There is no single number that describes the change in P(Y=1 | X) per unit change in X.  There is a linear / additive change in Y1* (probit), or in logistic regression, a linear / additive change in the logit OR a multiplicative change in odds.

If X were a grouping variable, you could calculate the expected probability in each group and calculate your own risk ratio.  Likewise, for continuous X you could choose any 2 representative values of X and calculate the expected probabilities, to calculate a risk ratio for those 2 levels of X.

I also understand that the threshold is the value of the latent response variable at which the observe binary variable switches from 0 to 1. )

Right.  So if you used the default delta parameterization, then 0.59 is a z score (because Y1* has unit variance) beyond which Y=1.

Terrence D. Jorgensen
Assistant Professor, Methods and Statistics
Research Institute for Child Development and Education, the University of Amsterdam

Message has been deleted

### Myriam

Jan 19, 2021, 7:30:27 PM1/19/21
to lavaan
Hi Terrence,

I really appreciate the clarifications. If you don't mind 2 follow-up questions:

Right.  So if you used the default delta parameterization, then 0.59 is a z score (because Y1* has unit variance) beyond which Y=1.

In this model I used theta parameterization, so it's the residual variance of Y1* that has unit variance, right? In that case, I imagine that the threshold cannot be interpreted as a z score, but is there another meaningful way that I can interpret the threshold besides what was described above? (i.e., the threshold is the value of the latent response variable at which the observed binary variable switches from 0 to 1).

2. Scales y*
Am I right to think that in my output, the coefficient under "Scales y*" is the estimated variance of the y* variable? (Since in theta parameterization, it's the residual variance that is fixed at 1.)
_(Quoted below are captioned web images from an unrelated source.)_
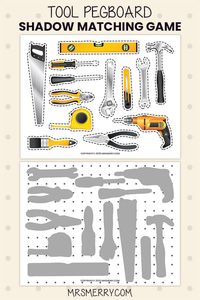 Tool Pegboard Shadow Matching Game - Mrs. Merry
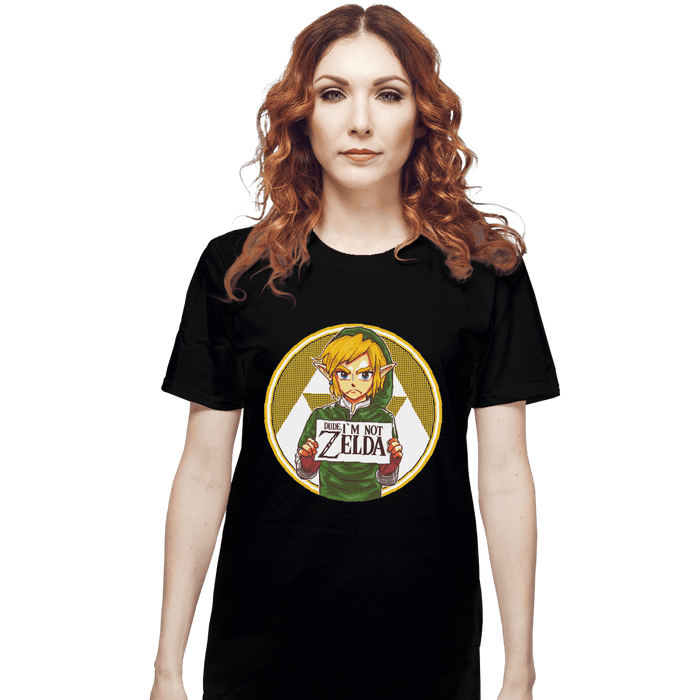 Shirts T-Shirts, Unisex / Small / Black Dude, I'm Not Zelda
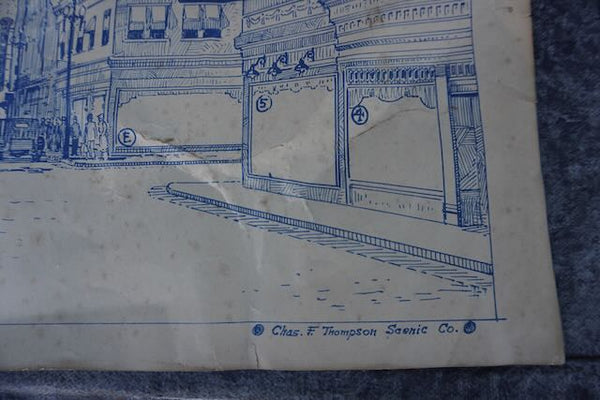 Chas F Thompson Scenic Design Co - Design Template #69 for Advertising Front or Fire Curtain 1920s AP1776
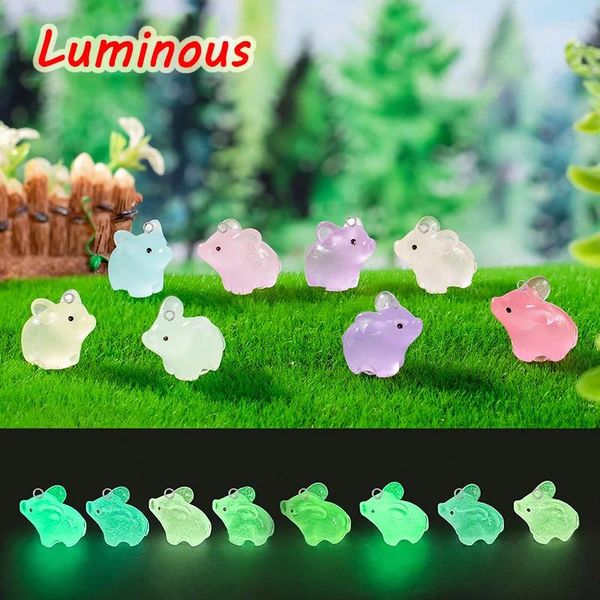 Dijes 10 Uds Kawaii luminoso pequeño cerdo mascota resina divertido lindo cerdo Animal colgante para pendiente llavero Diy joyería hacer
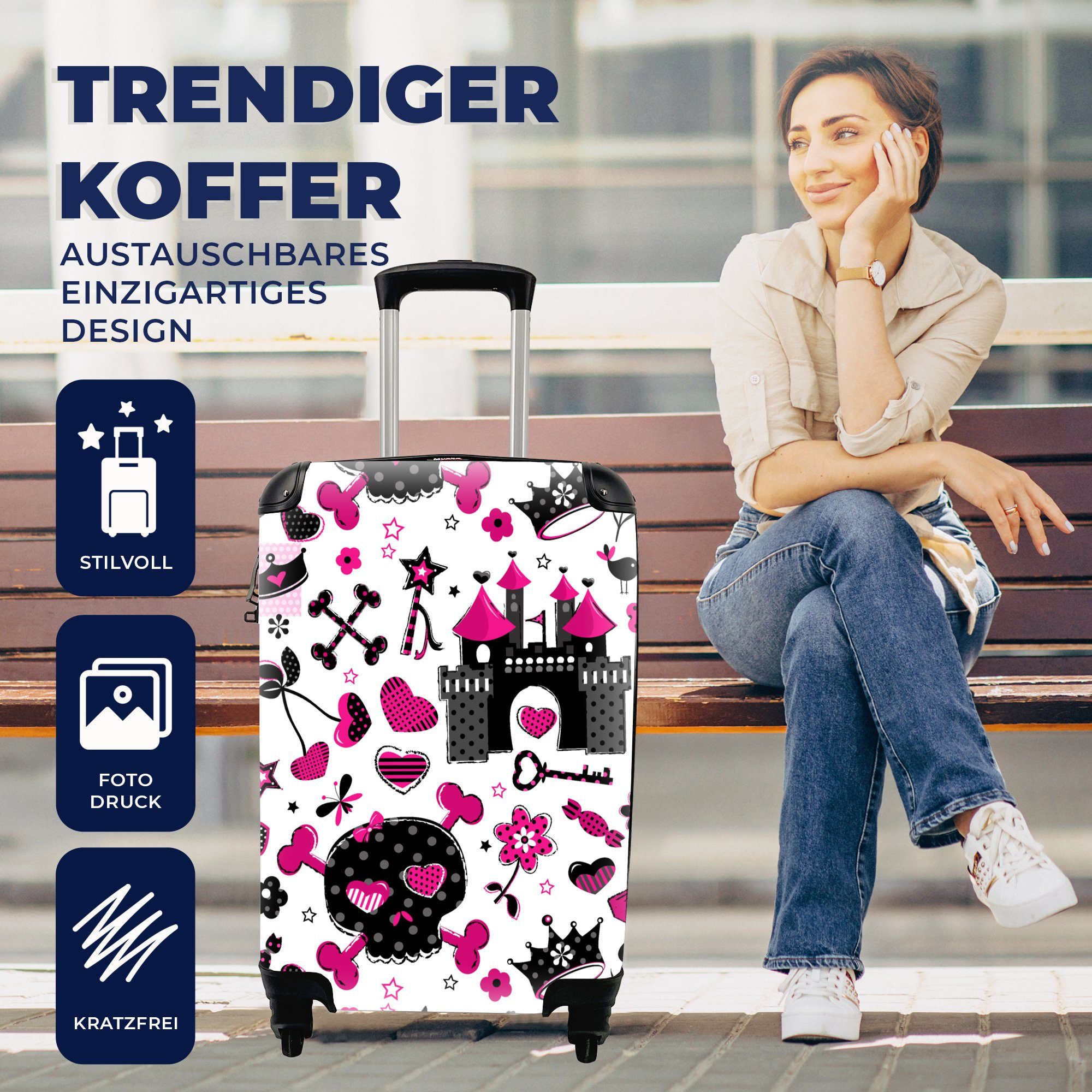 Ferien, Kind MuchoWow Trolley, - für - - Reisetasche Krone Herz Handgepäckkoffer Mädchen Muster Kinder, Rollen, - 4 Mädchen - rollen, - mit Handgepäck Reisekoffer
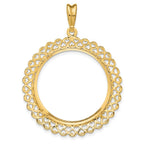 FJC Finejewelers 14 kt Yellow Gold Polished Heart Filigree 27.0mm Prong Coin Bezel Pendant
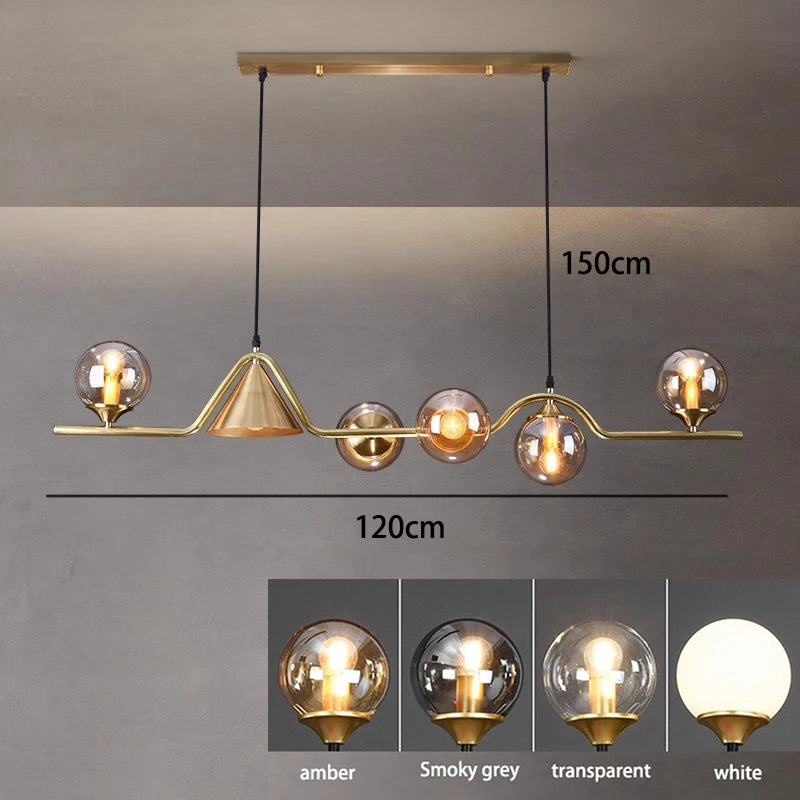 Nordic Iron Glass Pendant Light for Dining Room
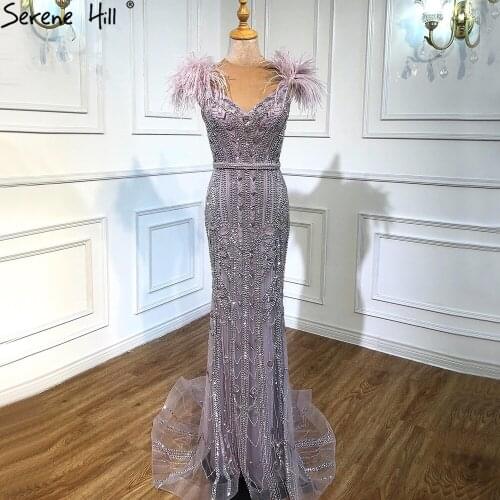 Serene Hill Lilac V-Neck Luxury Mermaid Lady Evening Gowns 2021 Feathers Beading Sexy Prom Dresses For Women DLA70830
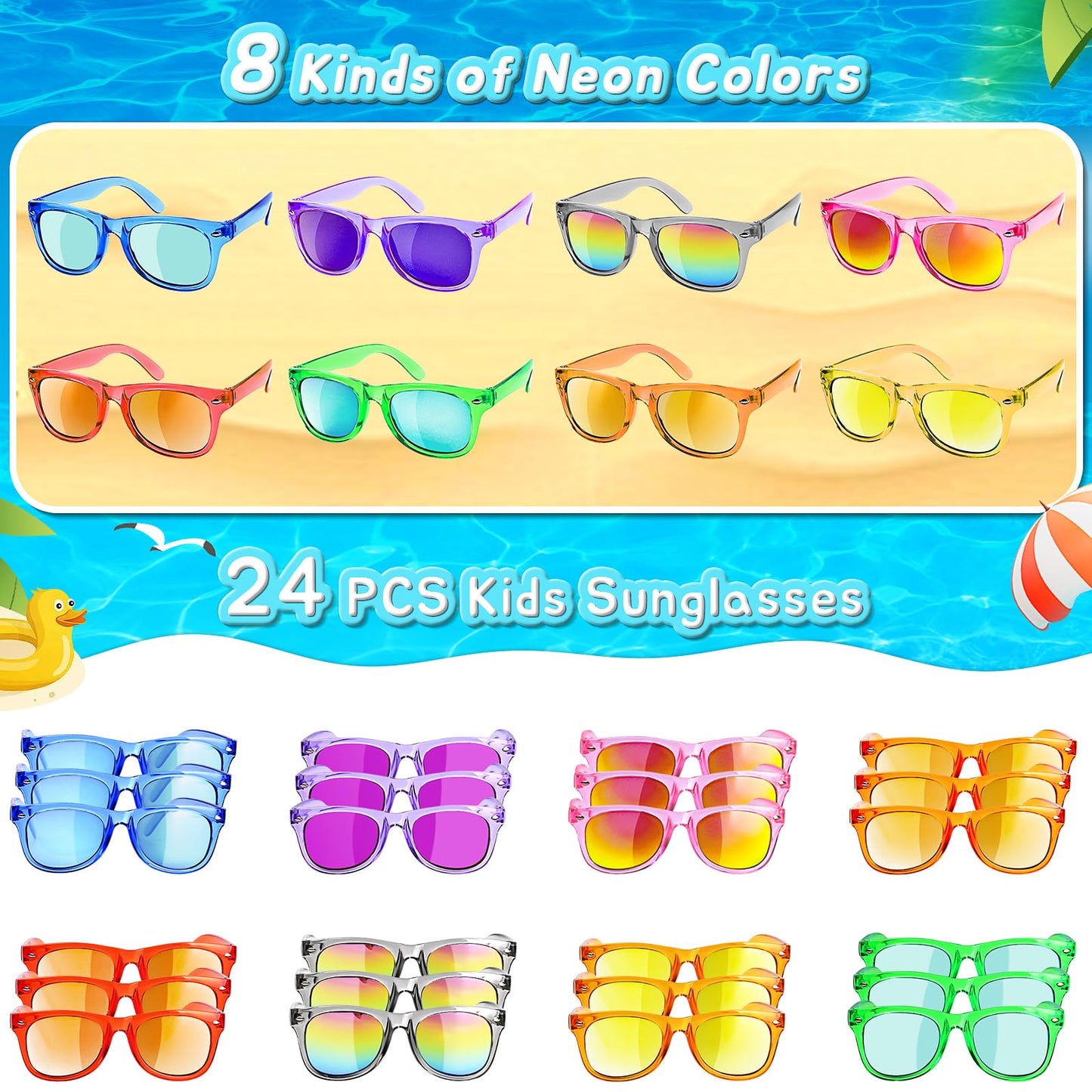 Kids Sunglasses Party Favors - Boys Girls Age 3-8 Birthday Goodie Bags Stuffers, Neon Sunglasses with UV 400 Protection for Kids Classroom Favors - 24 Packs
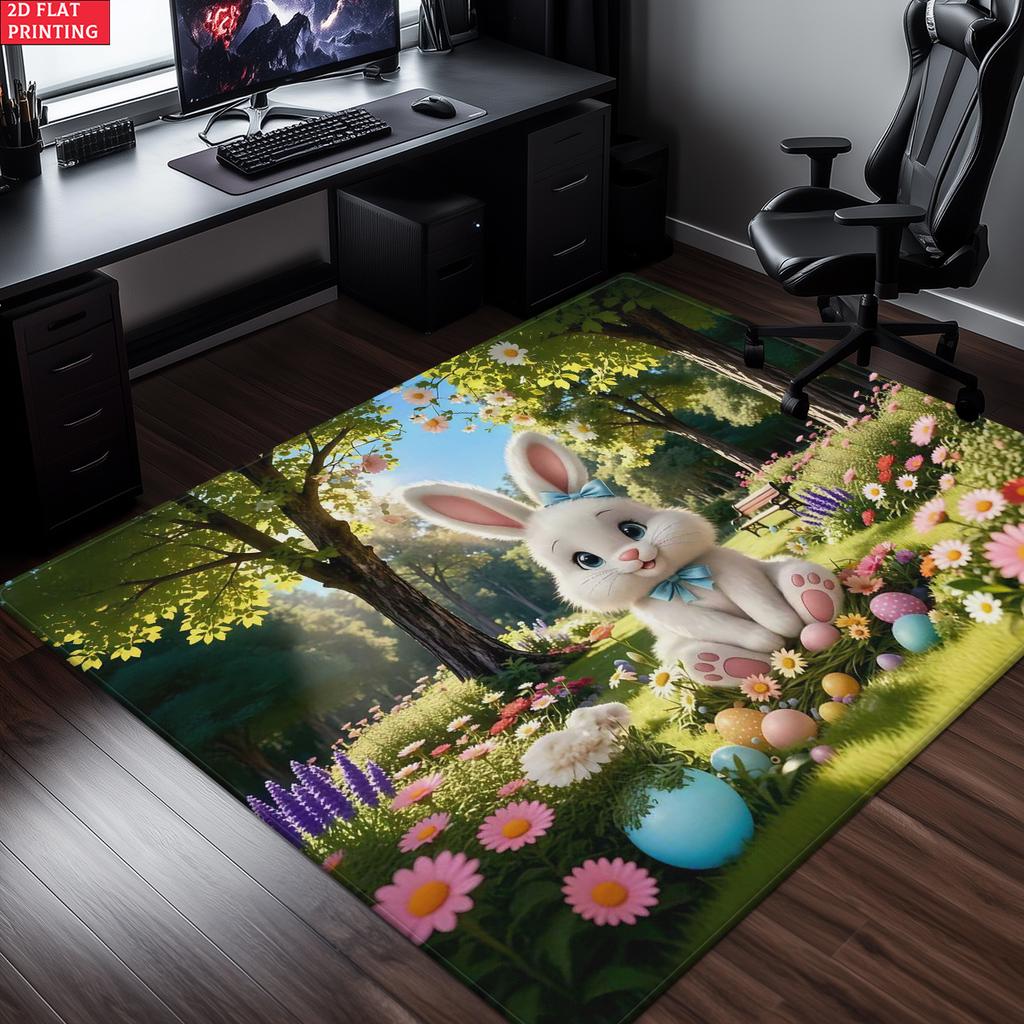Cute White Easter Bunny Large Room Carpet Non Slip Cartoon Kids Bedroom Living Room Floor Mat Home Decor Children's Play Carpet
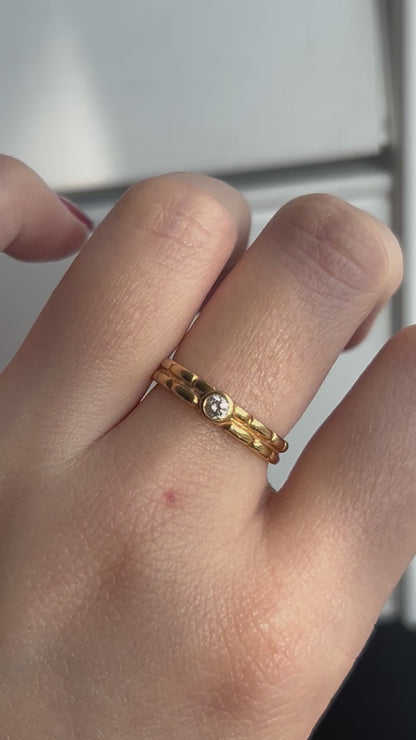 Vintage 18k Bezel Set Diamond Stacking Ring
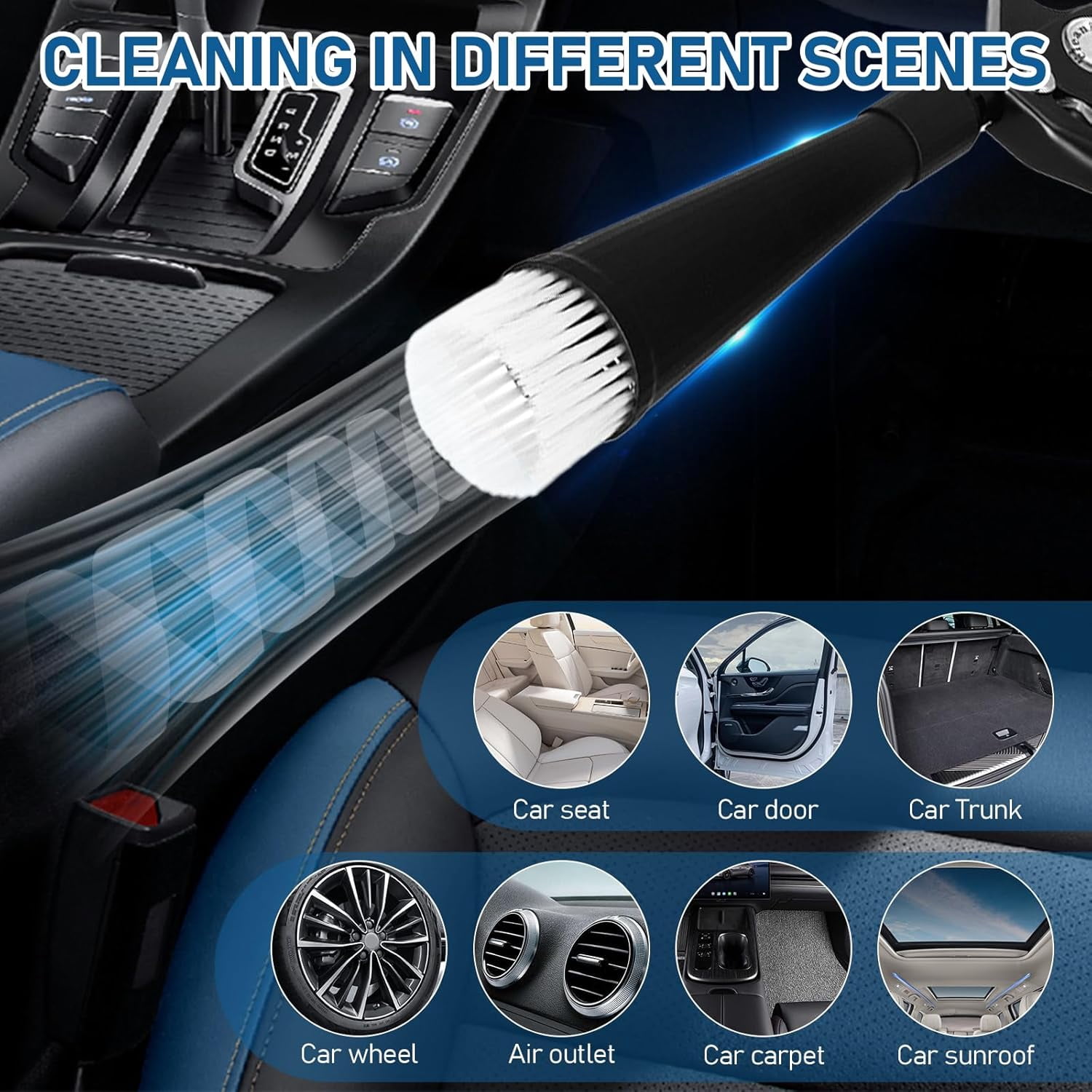 Car Cleaning Air Blow Gun – High Pressure Interior Detailing Tool with 360° Swivel Nozzle, Pneumatic Dust Blower for Auto Carpet Seats Dashboard Console Cleaning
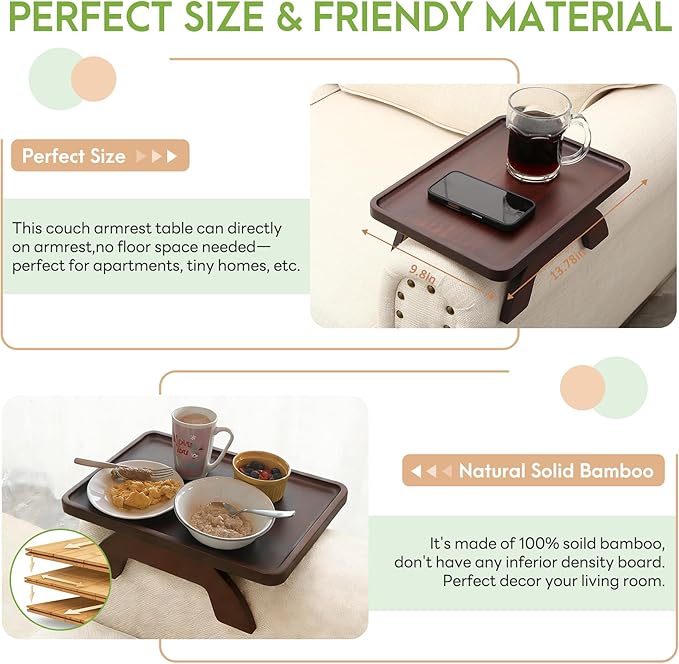 SINWANT Couch Arm Table,Bamboo Sofa Arm Clip on Tray Tables,Couch Armrest Table Suitable for Home Drinks/Eat/Fruit, Snack Chair Tray for Drink Eating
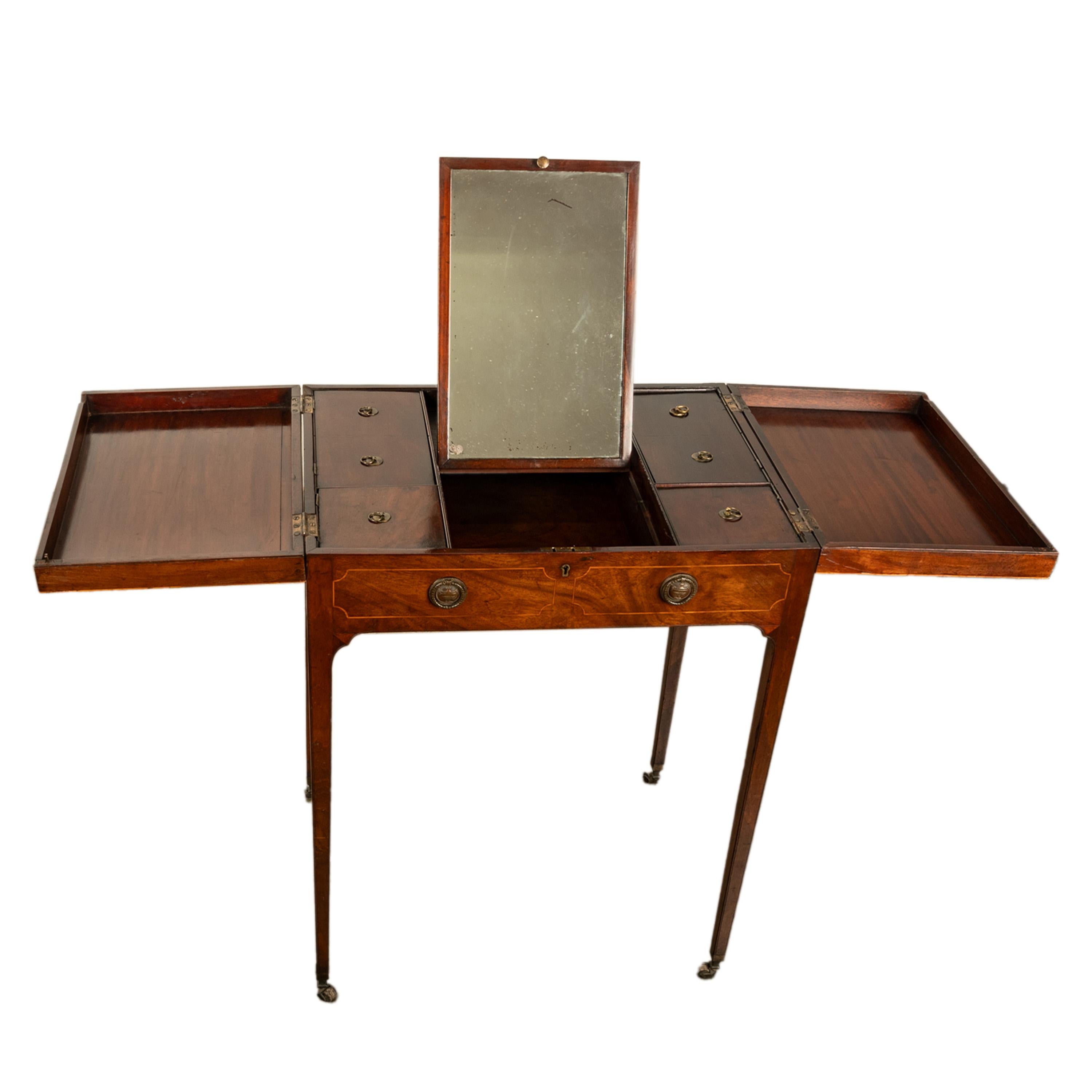 Antique Inlaid Mahogany Georgian Sheraton Folding Vanity Mirror Dressing Table 11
Also, just wanted to thank you for, and highlight for others in my situation, the PPT handout posted in another conversation on measurement equivalence in models with categorical indicators. Super useful to clarify identification trade-offs for thresholds/variance /intercepts and some differences between delta and theta parameterization.

Best,
Myriam

### Terrence Jorgensen

Jan 19, 2021, 11:44:48 PM1/19/21
to lavaan
In this model I used theta parameterization, so it's the residual variance of Y1* that has unit variance, right? In that case, I imagine that the threshold cannot be interpreted as a z score, but is there another meaningful way that I can interpret the threshold besides what was described above?

Yes, Y1* is simply not a z score (its SD > 1).

(i.e., the threshold is the value of the latent response variable at which the observed binary variable switches from 0 to 1).

Right, you answered your own question.  You can print the fully standardized solution (std.all) if you want to know the standardized threshold (the z score above which Y1* is classified in the higher category).  Or equivalently, Y1 = 1 when Y1* exceeds the unstandardized threshold, and the SD of Y1* is the reciprocal of its scale parameter.

2. Scales y*
Am I right to think that in my output, the coefficient under "Scales y*" is the estimated variance of the y* variable? (Since in theta parameterization, it's the residual variance that is fixed at 1.)

No, it is the reciprocal of the marginal SD.  So if the y* scale parameter is 0.5, the marginal/total SD of y* is 1/0.5 = 2.